Kerstin Engel (Grüne) führte das "schwierige Gelände" und die nahe Wohnbebauung als Begründung an, warum sie den Standort für den neuen Busbahnhof nicht für optimal hält. Zudem findet sie die Realisierung des Großprojekts, das vor der Landesgartenschau 2028 fertiggestellt sein soll, "sportlich". "Und wie sieht es mit der Finanzierung aus?", fragte Engel angesichts klammer Penzberger Kassen. Stattdessen schlug die Fraktionssprecherin vor, die Umsetzung des Busbahnhofs den Teilnehmern des städtebaulichen Wettbewerbs für das Bahnhofsareal zu überlassen: "Warum nicht einen Ideenwettbewerb machen?"

Das könnte den zeitlichen Fahrplan für das Projekt durcheinanderwirbeln, gab Stadtbaumeister Justus Klement zu bedenken. Weil die Stadträte aber darauf beharrten, sich von Experten beraten zu lassen, schlug er vor, die Preisrichter des städtebaulichen Wettbewerbs für das Bahnhofsareal zu konsultieren. Die Jury hat ihre nächste Sitzung am 19. April. Das Treffen soll nun als öffentliche Stadtratssitzung abgehalten werden. "Dort könnte man die Frage nach den Kosten stellen und auch, ob man einen Ideen- oder Realisierungswettbewerb auslobt", sagte Klement.

Nicht nur rund um den Penzberger Bahnhof stehen Linienbusse, momentan wird auch die komplette Philippstraße zugeparkt - oft ein Geduldsspiel für andere Verkehrsteilnehmer. (Foto: Alexandra Vecchiato/oh)

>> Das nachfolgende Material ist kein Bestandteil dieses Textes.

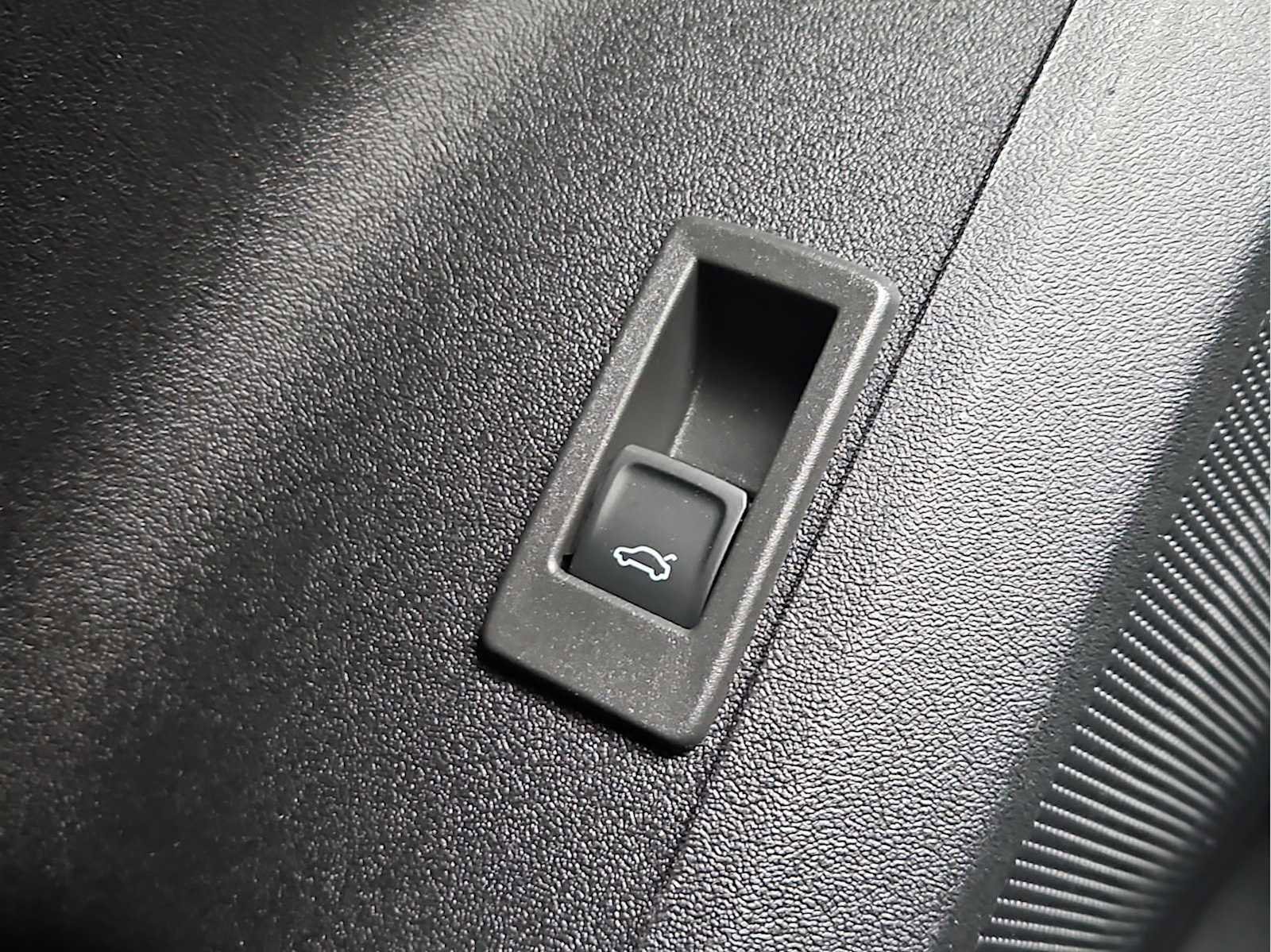 New 2026 Audi SQ5 Premium Plus image 22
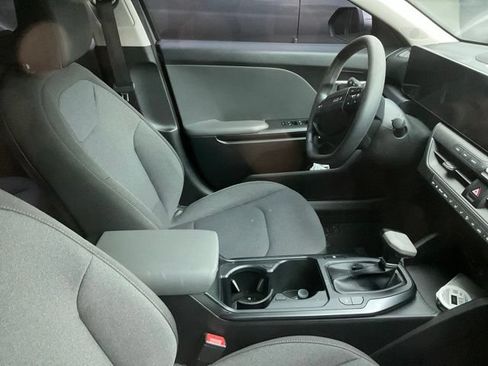 Used 2025 Kia K4 FWD image 4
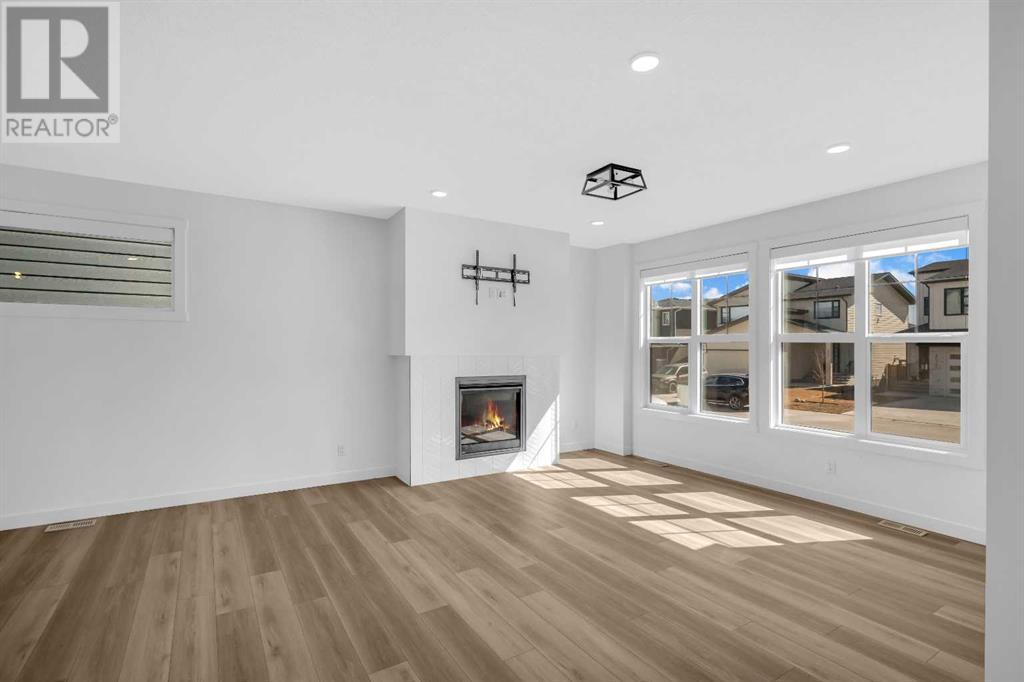 228 Grayling Common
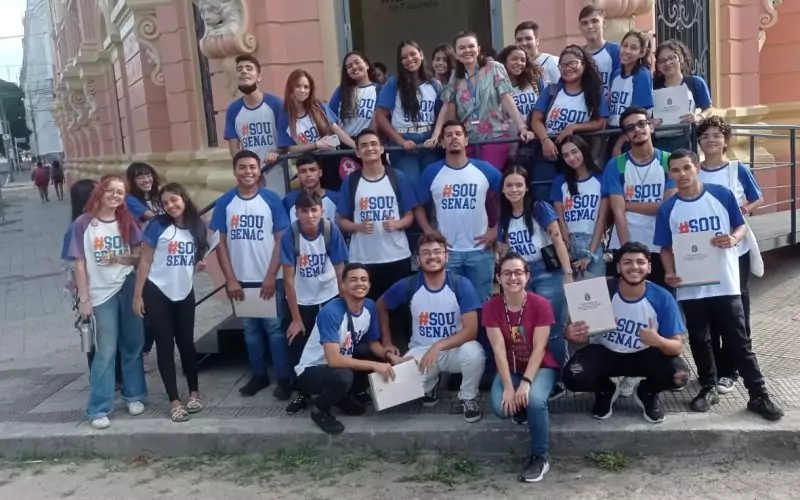 Visita do grupo de estudantes do Serviço Nacional de Aprendizagem Comercial (Senac) Ceará, no dia 30 de Junho. As visitas fazem parte do projeto Escola no Fisco, idealizado pelo Programa de Educação Fiscal (PEF-CE), com o objetivo de convidar estudantes para conhecerem as atividades desenvolvidas pela Secretaria da Fazenda do Ceará (Sefaz-CE) e refletirem sobre tributação e cidadania. Foto: estudantes na recepção do Centro de Memória da Secretaria da Fazenda do Ceará.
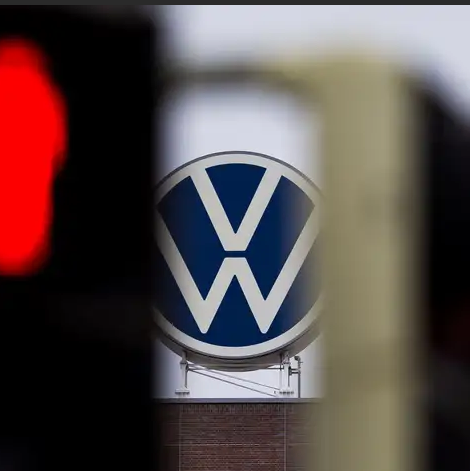 Σχεδόν τρία εκατομμύρια οχήματα Volkswagen και Audi ανακαλούνται παγκοσμίως - Πρόβλημα στο τιμόνι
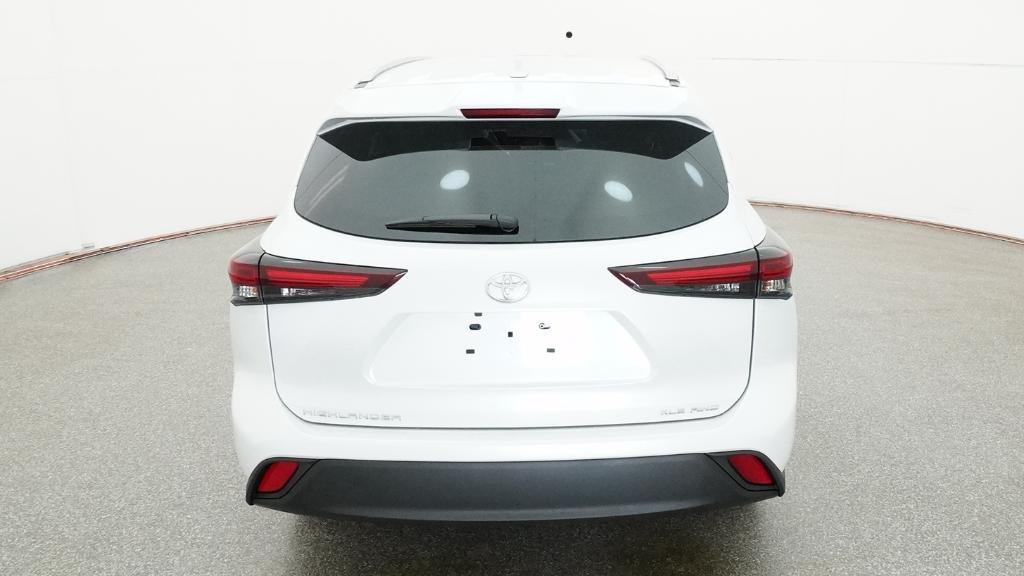 new 2026 Toyota Highlander car, priced at $50,006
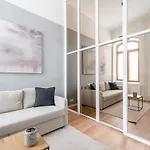 Lejlighed Historical Loft With Sauna & Free Parking, Hosts Up To 7 Guests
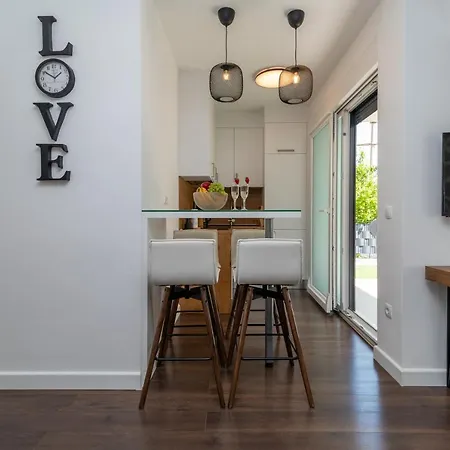 A&r - Seget Διαμέρισμα Τρογκίρ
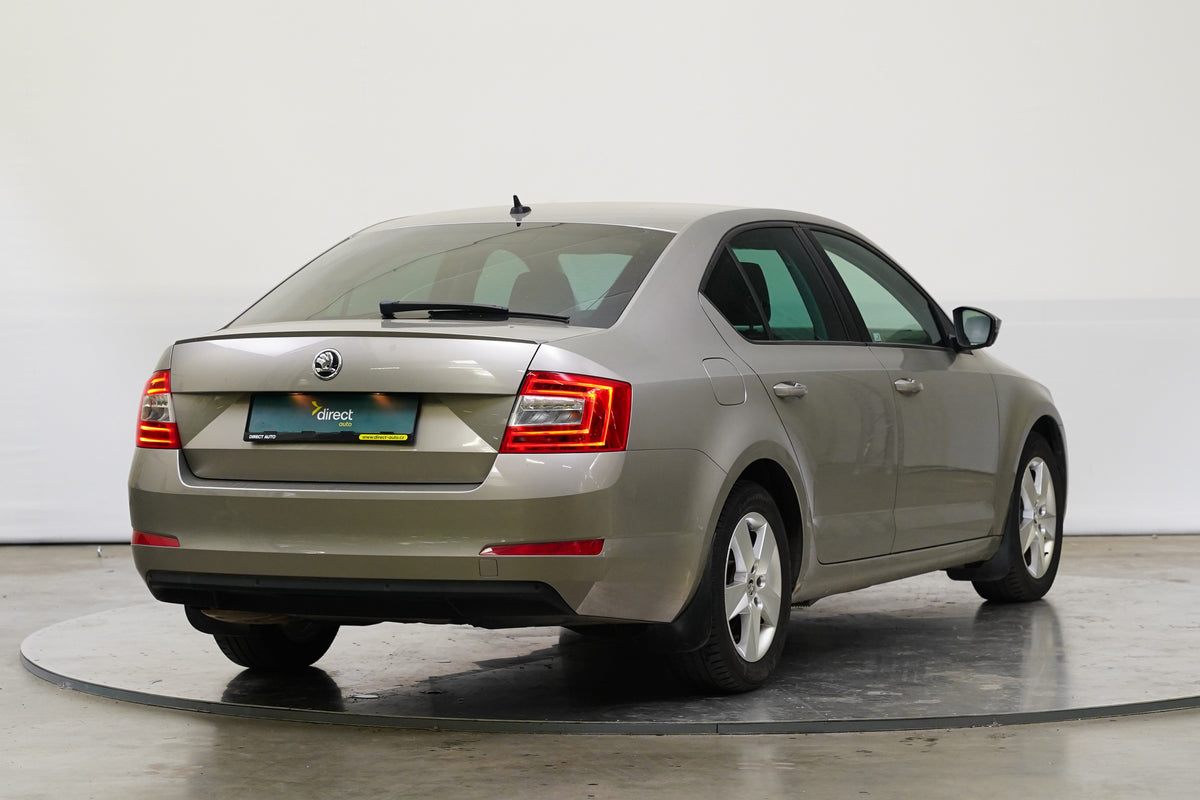 Škoda Octavia 1.8 TSI 132 kW DSG Style – foto 2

Lenk warnte davor, sich den "großen Wurf" von einem Ideenwettbewerb zu erwarten. "Wir hatten schon viele Wettbewerbe. Alle waren enttäuschend", meinte er. Allein schon deshalb, weil es den teilnehmenden Planern an Hintergrundwissen fehle. Ein Punkt, den auch Sebastian Fügener (Grüne) anführte. Mögliche Standorte für einen neuen Busbahnhof müsse schon der Stadtrat vorgeben. Was nützten schöne Ideen, wenn eine Umsetzung etwa an der Grundstücksfrage scheitere.